川崎は2季連続でCSクォーターファイナルで姿を消すこととなった [写真]=鳴神富一
1981年、北海道生まれ。「BOOST the GAME」というWEBメディアを運営しながら、スポーツジャーナリストとしてBリーグを中心に各メディアに執筆や解説を行いながら活動中。「日本のバスケの声をリアルに伝える」がモットー。

 シーズン序盤から苦しみながらも「B.LEAGUE CHAMPIONSHIP 2018-19」進出を中地区2位で決めた川崎ブレイブサンダース。同クラブのチャンピオンシップでの戦いは、2シーズン連続でのクォーターファイナル敗退という結果に終わった。

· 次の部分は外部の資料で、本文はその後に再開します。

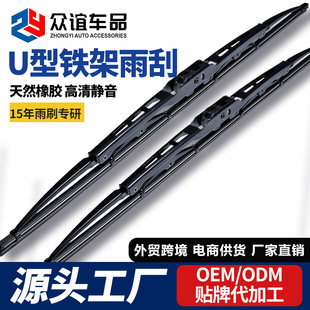跨境电商厂家批发U型铁架有骨雨刮器高清静音雨刮片通用汽车雨刷-阿里巴巴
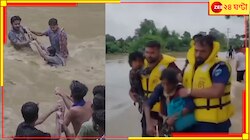 বাংলাদেশে জলবন্দি ৪০ লাখ মানুষ, ফসল নষ্ট ৩.৫ লাখ হেক্টর জমির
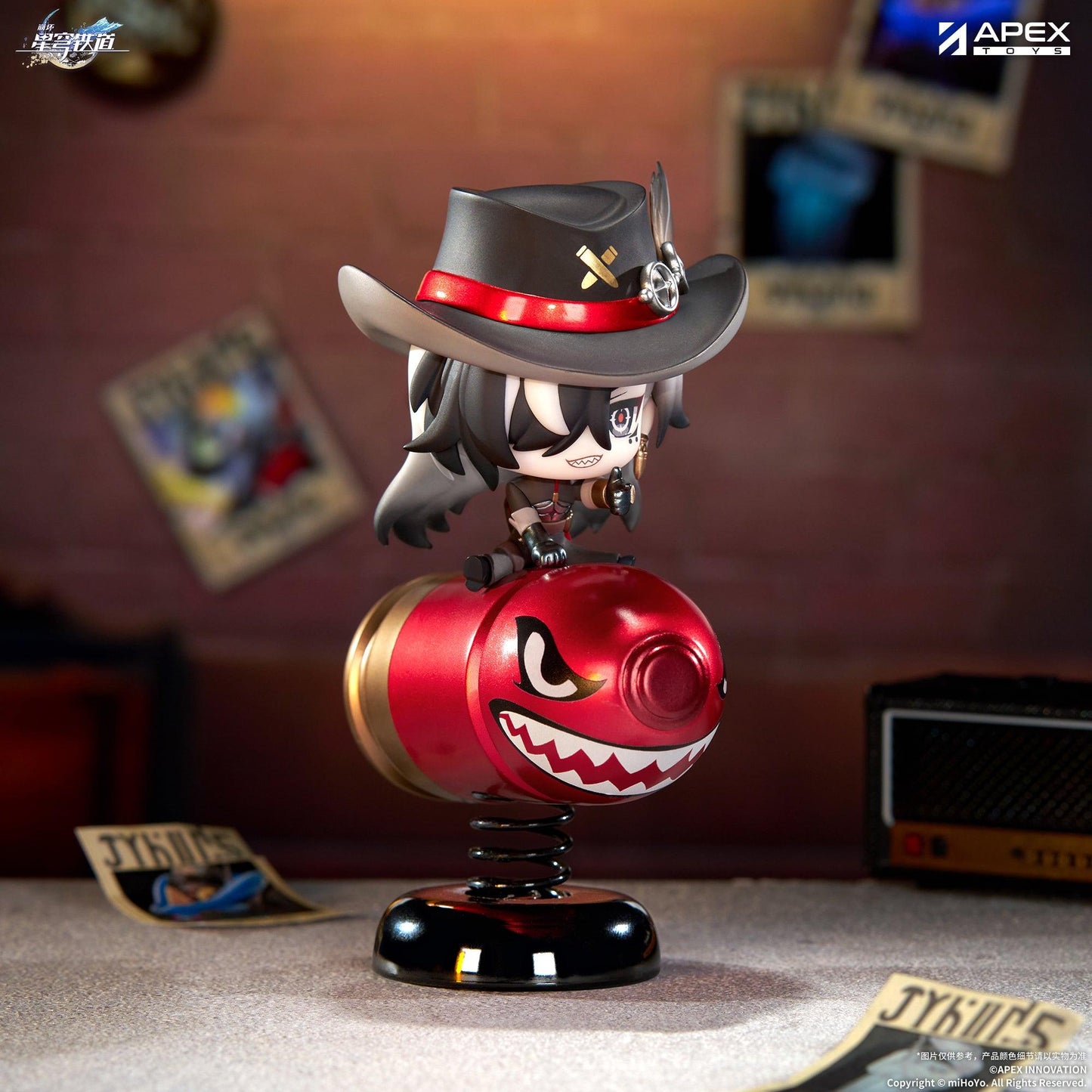 Honkai: Star Rail Boothill Chibi Chara YuraYura Stand Non Scale Figure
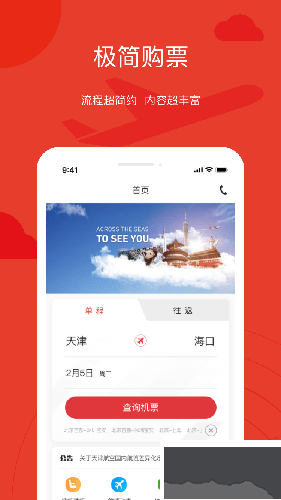 天津航空APP官網版 v02.0正版2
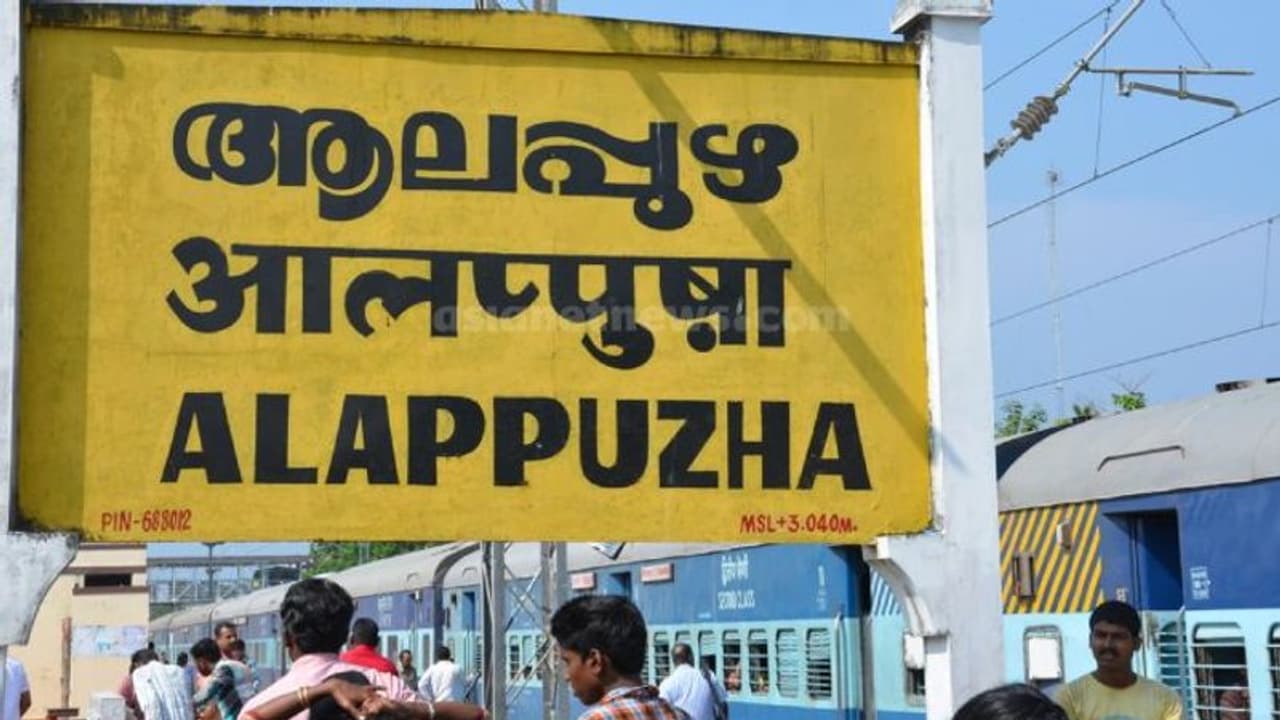 ആലപ്പുഴ റെയിൽവെ സ്റ്റേഷനിൽ വീഴ്ച; 3 ട്രാക്കിലും ഒരേ സമയം കോച്ചുകൾ നിർത്തി, സ്റ്റേഷൻ മാസ്റ്റർക്ക് സസ്പെൻഷൻ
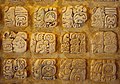 Image 34Maya glyphs in stucco now on display at Museo de sitio in Palenque, Mexico (from Indigenous peoples of the Americas)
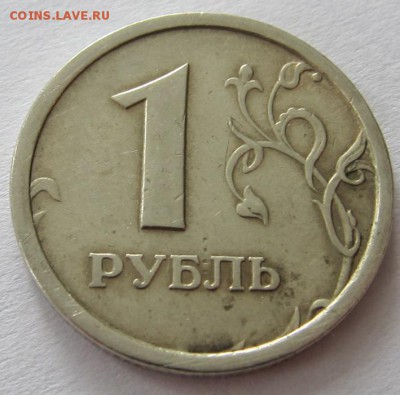 1 рубль 1997 года.Широкий кант. - IMG_2138
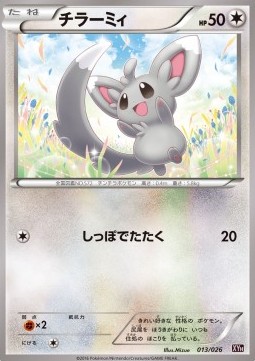Minccino MAudino EX Mega Battle Deck #013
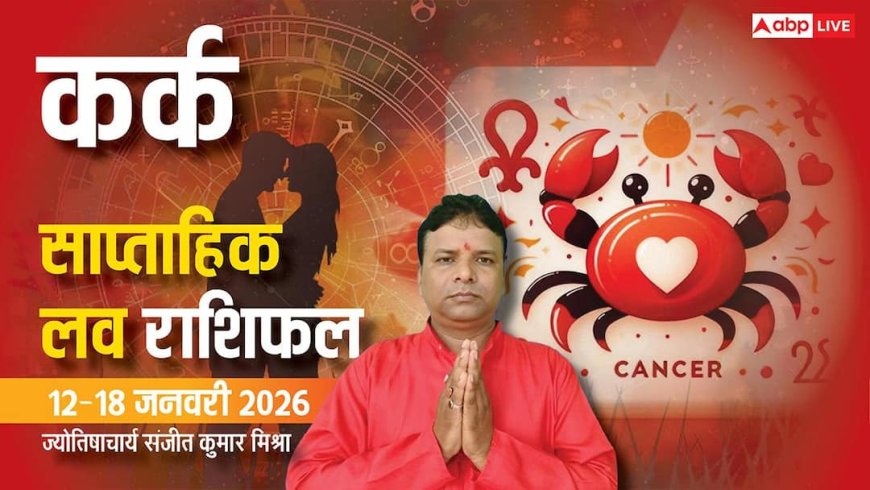 Kark Weekly Love Rashifal 2026: कर्क राशि के लव लाइफ में आएगी मिठास, पढ़ें साप्ताहिक प्रेम राशिफल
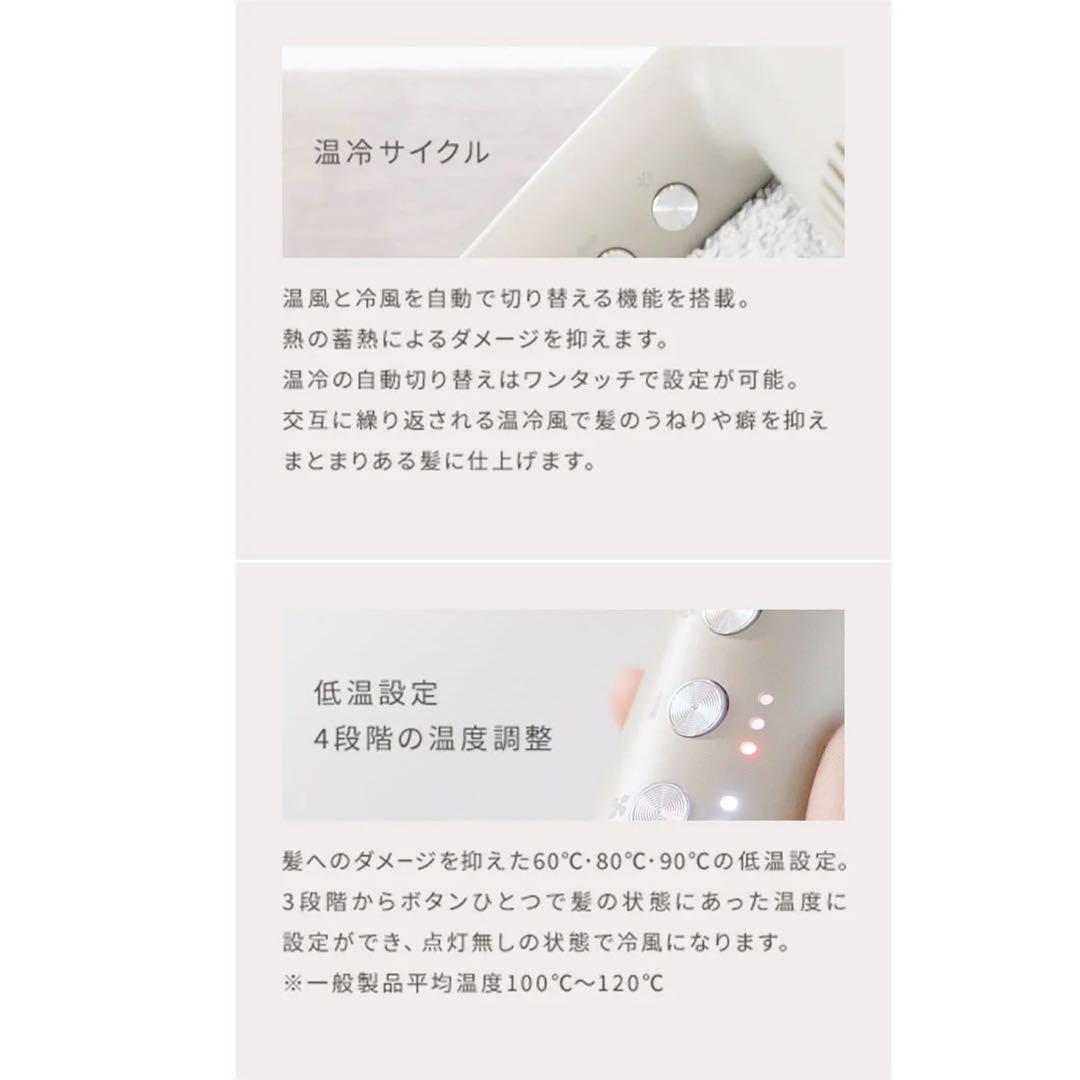 【新品】ANLIETTE アンリエッテ エステティックイオンドライヤー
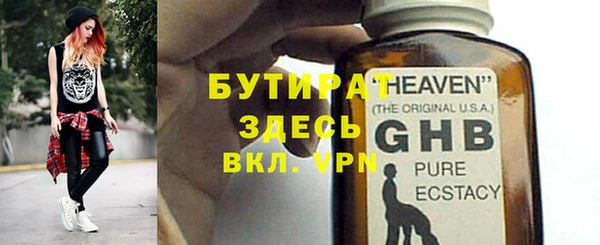 ALPHA PVP Абдулино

 北卓也ヘッドコーチは今シーズンを振り返って「たくさんの方々が応援してくれて、さらにホームの雰囲気も変わり、すごくうれしかったです。でも、そのファンに優勝を見せることができずに申し訳ない気持ちでいます。クラブスタッフなどいろいろな努力を支えてくれた方々に非常に感謝しています」と感謝と謝罪の気持ちを最初に口にした。続けて「我慢をする」ことが、今後チームが強くなるポイントだと語る。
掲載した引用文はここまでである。